# Lemme remix YOUR songs. - 3 slots



## JMAA (May 29, 2010)

What I do: a remix of any song you pass me around.
What I ask: the FL Studio project file and all necessary files/samples.

Up to 3 slots:
1. DONE - http://www.furaffinity.net/view/4001423/ - Darkstar-Dragon
2. Tomias_Redford (rap base)
3.

Begin.


----------



## Darkstar-Dracon (Jun 1, 2010)

So if I don't use FLS...?


----------



## JMAA (Jun 2, 2010)

Darkstar-Dracon said:


> So if I don't use FLS...?



Better: you use samples? Pass them to me.
And uh,... the song too.


----------



## Darkstar-Dracon (Jun 3, 2010)

JMAA said:


> Better: you use samples? Pass them to me.
> And uh,... the song too.



Samples and MIDI files

Link to song 

I've gotten one remix for this already, want to hear a different take on it.


----------



## JMAA (Jun 8, 2010)

Sorry if I delayed so much, but I'll try.
Whenever I can.


----------



## Tomias_Redford (Jun 8, 2010)

This seems interesting, any change you could instead of doing like a remix or something, create a beat/backing track for a rap i made.  I really need to put a beat to it or something before posting it anywhere.


----------



## JMAA (Jun 9, 2010)

Some sort of base for rap? That's ok too. I'll try.

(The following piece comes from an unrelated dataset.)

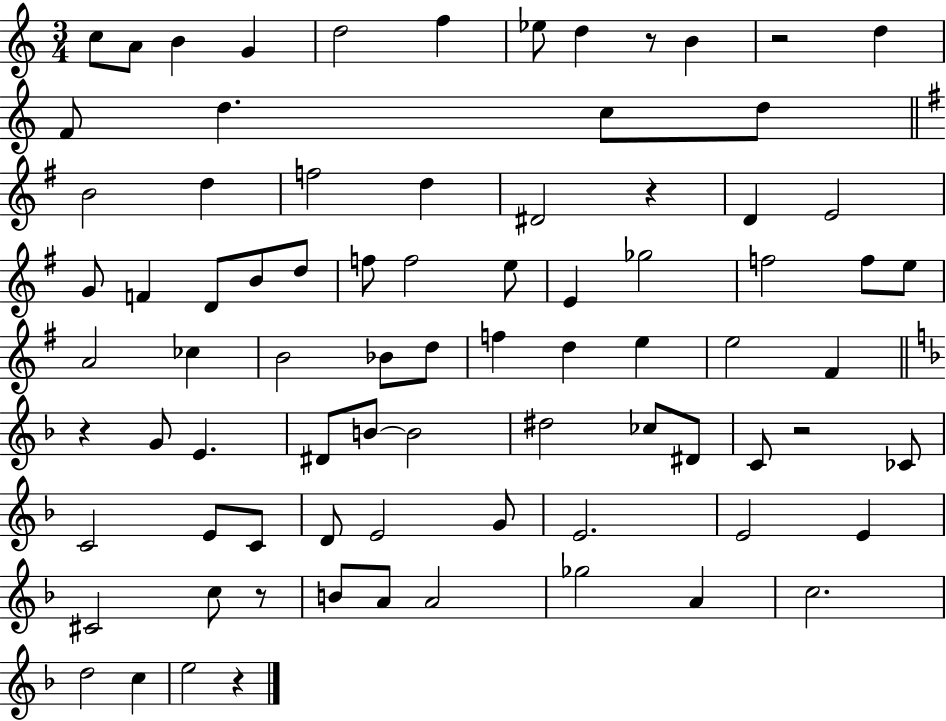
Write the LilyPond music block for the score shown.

Anyway, I'm going to upload now Darkstar's one.


----------



## Tomias_Redford (Jun 10, 2010)

I just recorded my rap using audacity and I got the file, whats ur email so I can send it to you?


----------



## JMAA (Jun 10, 2010)

I'll PM you with it.


----------



## JMAA (Jun 13, 2010)

I finally uploaded that remix of Glorious Starlight.
http://www.furaffinity.net/view/4001423/


----------